Description of the task:
What is needed is an exact retyping of the records below, from the first line through the line that contains "Jude Bellingham&nbsp;kembali menggunakan&nbsp;Christopher".

*** Data to use Section Begins ***

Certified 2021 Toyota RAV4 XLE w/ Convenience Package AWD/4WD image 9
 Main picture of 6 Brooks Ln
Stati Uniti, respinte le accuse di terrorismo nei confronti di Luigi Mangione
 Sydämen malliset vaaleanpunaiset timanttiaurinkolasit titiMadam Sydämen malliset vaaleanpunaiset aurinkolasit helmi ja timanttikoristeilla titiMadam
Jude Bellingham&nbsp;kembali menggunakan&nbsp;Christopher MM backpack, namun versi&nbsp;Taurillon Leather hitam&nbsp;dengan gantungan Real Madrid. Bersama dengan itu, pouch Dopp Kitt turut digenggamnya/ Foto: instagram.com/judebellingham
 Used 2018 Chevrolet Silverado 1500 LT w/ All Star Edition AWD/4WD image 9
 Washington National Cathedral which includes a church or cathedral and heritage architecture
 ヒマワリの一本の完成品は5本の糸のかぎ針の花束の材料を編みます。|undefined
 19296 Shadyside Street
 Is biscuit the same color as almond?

*** Data to use Section Ends ***

Answer space:
Certified 2021 Toyota RAV4 XLE w/ Convenience Package AWD/4WD image 9
 Main picture of 6 Brooks Ln
Stati Uniti, respinte le accuse di terrorismo nei confronti di Luigi Mangione
 Sydämen malliset vaaleanpunaiset timanttiaurinkolasit titiMadam Sydämen malliset vaaleanpunaiset aurinkolasit helmi ja timanttikoristeilla titiMadam
Jude Bellingham&nbsp;kembali menggunakan&nbsp;Christopher MM backpack, namun versi&nbsp;Taurillon Leather hitam&nbsp;dengan gantungan Real Madrid. Bersama dengan itu, pouch Dopp Kitt turut digenggamnya/ Foto: instagram.com/judebellingham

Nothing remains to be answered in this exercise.